- The Washington Times - Wednesday, June 1, 2005

From shark-attack survival to superhero and office-espionage manuals, writers and publishers are coming up with plenty of ways to disperse quirky knowledge to the American who dreams of living a life of adventure and intrigue.

The guides are like “Chicken Soup for the Soul” for the daredevil crowd — and their popularity offers insights to the American psyche.

“At every stage of life, you either fantasize about, or dream about, or want to learn to become, a hero in whatever form you can, so that might mean learning how to do a Jedi mind trick or learning how to save someone who has fallen into quicksand,” says David Borgenicht, author of “The Worst-Case Scenario Survival Handbook” and “The Action Hero’s Handbook.”

The books, which are largely for entertainment purposes, are chock-full of step-by-step instructions to get would-be heroes through the most harrowing of situations. Solutions for most scenarios are explained in five to 10 points. Everything from protecting your child from a ferocious beast to withstanding a poison kiss to training a sidekick is laid out in the easy-to-understand steps.

“Everyone would like to be more heroic, but we don’t often find ourselves in situations in everyday life where we can — unless you see someone getting mugged, but how often does that happen?” says Jennifer Worick, co-author of “The Action Heroine’s Handbook.”

“Being a hero is a chance to kind of challenge yourself,” she said.

“Everyone’s looking for a little more excitement in life,” says Danielle Burgio, stuntwoman and co-author of “The Stuntwoman’s Workout.” “Too many people work 9 to 5 or don’t get out enough.”

Television and movies allow Americans to watch the adventure they’ve always dreamed about living — but adventure is not a spectator activity.

“It’s really about trying to inspire people, to get them out there and find adventure, because it’s around every corner,” Miss Burgio says of her book. “One thing I learned from becoming a stuntwoman is how much is out there … and how easily it can be accessed.”

Hollywood didn’t invent the hero, Miss Burgio notes.

“Even before TVs and movies … there was storytelling. We want idols, people to look up to and to strive to be like,” she says. “If we didn’t rely as much on them, we would be more apt to just go out there.”

A handbook for superheroes taps into a rich vein of cultural tradition, Mr. Borgenicht says.

“The greatest storytelling has always been about heroes, whether it’s a Greek myth or a comic book,” he says.

“People — ever since we learned how to speak — we’ve probably been telling stories of people with magical powers or heroes who saved the world or the princess or the city. Our books are simply the practical incarnation of the kind of mythology and storytelling going on ever since man could speak.”

The modern-day action hero is an Americanized update of that timeless tradition.

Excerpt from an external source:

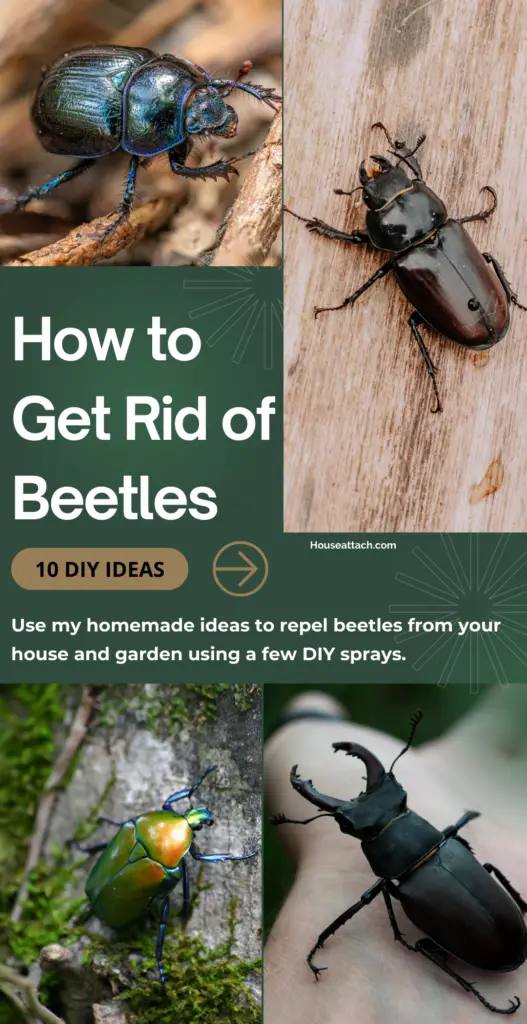 How to Get Rid of Beetles in the house and garden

“The idea of the Rambo or the Terminator seems to be distinctly American — that kind of cowboy, John Wayne mentality,” Ms. Worick says. ” But I’msure there’s role models and action heroes worldwide. I could imagine all cultures have heroes or role models to aspire to.

“The idea of seeking out something that is your own that is secret and private to you, such as a secret identity — a lot of people have that. They want to keep something that is unique and individual to them.”

The key is to turn the inspiration of heroes into the motivation to do something besides watch TV, Miss Burgio says.

“The media in general has a huge influence on the mental state in America, and movies and TV shows now more than ever are about action stars,” she says. “We sit behind our computers all day long, and we look to that to take us away mentally.

“We go to movies to take that mental journey. But it’s because most people think that they can’t do it themselves. I don’t know who taught them that, but it’s not true.”

But Mr. Borgenicht cautions that his guides are written mostly for entertainment’s sake and are not meant to spark anyone to perform daring deeds.

“The original ‘Worst-Case Scenario’ book was an idea I had that came from pop culture and a desire of mine to learn if there were real-world answers for the things superheroes run into. We take great pains to do a lot of research and talk to experts in the real world when writing the books, but by no means are our books a real guide to being a hero in any situation,” he says.

However, he adds, “If by some quirk of fate, so to speak, they also happen to provide information that saves someone’s life, then so much the better.”